# Welcher Router für Kabel Deutschland und ist Kabel Deutschland überhaupt Gut ?



## xFunFactory (10. Mai 2013)

*Welcher Router für Kabel Deutschland und ist Kabel Deutschland überhaupt Gut ?*

Hallo Liebe Community,

ich bin grade bei T-online Kunde aber wir ziehen um und ich will jetzt zu Kabel Deutschland wechseln ich hab heute das schon alles gerklärt  und der was mir alles erklärt hat hat mir gesagt ich soll von Saturn ein neuen Router für Kabel Deutschland kaufen ich bin auch zu Saturn gegangen aber die meinten die haben keins für Kabel Deutschland deswegen wo kann ich denn Router kaufen und welcher ist der beste ? 

und ist Kabel Deutschland überhaupt gut :o ? ich hol mir ein 1000 Leitung


----------



## Incredible Alk (10. Mai 2013)

*AW: Welcher Router für Kabel Deutschland und ist Kabel Deutschland überhaupt Gut ?*

1.) Der Router/Modem und alle sonstige benötigte Hardware (HÜP, Verstärker, Dosen usw.) wird dir von Kabel Deutschland gestellt (wer auch immer behauptet hat du müsstest dir was kaufen hat nicht die leiseste Ahnung, bereits auf der Startseite von KD werden diese Dinge erklärt!). Je nachdem ob du die kostenlose Version haben willst oder etwas an Monatlicher Gebühr drauflegst werden die geräte entsprechend vielseitiger/hochwertiger, das Standardgerät reicht aber aus.
Natürlich kannst du einen eigenen Router dahinterklemmen aber nötig ist das nicht.

2.) KD bietet meines Wissens nach keine "1000er" Leitung an, es gibt iirc 8000, 16000, 32000 und 100000 je nach Region.

3.) Ob KD "gut" oder "schlecht" ist da gehen die Meinungen und Erfahungen wohl weit auseinander...  ich versuche seit 6 Wochen einen funktionsfähigen KD Anschluss zu bekommen und nichts funktioniert was ein sehr guter Start in eine wunderbare Freundschaft ist -.-


----------



## xFunFactory (10. Mai 2013)

*AW: Welcher Router für Kabel Deutschland und ist Kabel Deutschland überhaupt Gut ?*

Naja Steckdose usw. machen die schon aber der meinte ich kann ein Router Mieten für 2€ pro Monat oder 4 :o oder ich kauf eins bei Saturn :o und ich hab genau dieses Angebot 

Internet und Telefon bis zu 100 Mbit/s - Kabel Deutschland

und wie also ist KD schlecht :! ? weil hab heute denn vertrag abgeschlossen :o


----------



## dethacc (10. Mai 2013)

*AW: Welcher Router für Kabel Deutschland und ist Kabel Deutschland überhaupt Gut ?*

Ob der Anbieter schlecht ist hängt meist von deiner Leitung und deinen zuständigen Techniker ab.
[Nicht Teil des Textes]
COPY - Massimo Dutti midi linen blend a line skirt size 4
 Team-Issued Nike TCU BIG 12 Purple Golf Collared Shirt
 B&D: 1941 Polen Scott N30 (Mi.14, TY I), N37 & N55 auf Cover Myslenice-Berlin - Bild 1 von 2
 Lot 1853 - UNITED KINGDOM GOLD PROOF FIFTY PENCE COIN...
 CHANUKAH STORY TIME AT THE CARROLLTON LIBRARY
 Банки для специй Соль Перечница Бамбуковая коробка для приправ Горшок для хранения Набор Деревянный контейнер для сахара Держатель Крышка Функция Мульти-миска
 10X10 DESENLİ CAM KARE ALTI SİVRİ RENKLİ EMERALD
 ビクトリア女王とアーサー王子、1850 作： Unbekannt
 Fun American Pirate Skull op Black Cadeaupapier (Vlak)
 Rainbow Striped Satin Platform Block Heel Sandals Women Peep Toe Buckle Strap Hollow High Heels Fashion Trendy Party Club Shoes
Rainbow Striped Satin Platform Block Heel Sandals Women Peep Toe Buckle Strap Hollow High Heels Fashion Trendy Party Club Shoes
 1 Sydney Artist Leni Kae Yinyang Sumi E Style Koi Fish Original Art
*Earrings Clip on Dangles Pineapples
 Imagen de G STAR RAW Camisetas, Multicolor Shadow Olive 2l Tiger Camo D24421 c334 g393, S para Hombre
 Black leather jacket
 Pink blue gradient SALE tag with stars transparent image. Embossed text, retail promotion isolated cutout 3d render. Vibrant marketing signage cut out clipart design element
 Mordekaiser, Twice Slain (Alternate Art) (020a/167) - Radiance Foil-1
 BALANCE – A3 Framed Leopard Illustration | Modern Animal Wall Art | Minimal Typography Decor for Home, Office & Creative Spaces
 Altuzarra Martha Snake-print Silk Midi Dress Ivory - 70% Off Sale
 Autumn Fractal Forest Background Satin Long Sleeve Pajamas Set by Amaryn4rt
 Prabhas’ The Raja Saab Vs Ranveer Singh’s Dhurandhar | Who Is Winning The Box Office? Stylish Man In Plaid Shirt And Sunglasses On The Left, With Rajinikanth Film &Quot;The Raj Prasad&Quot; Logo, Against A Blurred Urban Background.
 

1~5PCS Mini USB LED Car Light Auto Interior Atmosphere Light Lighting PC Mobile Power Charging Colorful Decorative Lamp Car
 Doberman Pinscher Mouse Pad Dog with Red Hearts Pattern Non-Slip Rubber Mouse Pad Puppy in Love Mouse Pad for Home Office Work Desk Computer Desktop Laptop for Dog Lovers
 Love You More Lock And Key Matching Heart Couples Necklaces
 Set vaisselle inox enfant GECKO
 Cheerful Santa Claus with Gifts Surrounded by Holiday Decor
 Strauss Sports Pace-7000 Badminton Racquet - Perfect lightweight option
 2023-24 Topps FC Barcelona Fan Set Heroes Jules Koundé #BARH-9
Wenn alles läuft hat man eigentlich mit keinem Anbieter Probleme.

Denke mal der meinte das du für 2 euro das wlan von Hitron Modem (glaube kd verbaut nurnoch das als Standard) freigeschaltet bekommst und für 4 Euro das Fritbox Kabelding bekommst als Modem/Router.
Ansonsten bekommst du das Hitron ohne freigeschaltetes Wlan/Router und musst ein eigegen Router halt dahinterklemmen.

Achja hab selbst KD und noch nie Probleme gehabt.


----------



## Incredible Alk (10. Mai 2013)

*AW: Welcher Router für Kabel Deutschland und ist Kabel Deutschland überhaupt Gut ?*

Ich hab nicht gesagt dass sie schlecht sind, ich sagte nur dass ich momentan sehr langwierige probleme habe überhaupt den Anschluss zum laufen zu bekommen und der Kundendienst sehr...ähm... verwirrt ist was technische und organisatorische Dinge angeht (das muss ja nicht zwingend überall so sein).
Wenn die Leitung mal läuft sind die Erfahrungen aus meinem bekanntenkreis durchaus gut.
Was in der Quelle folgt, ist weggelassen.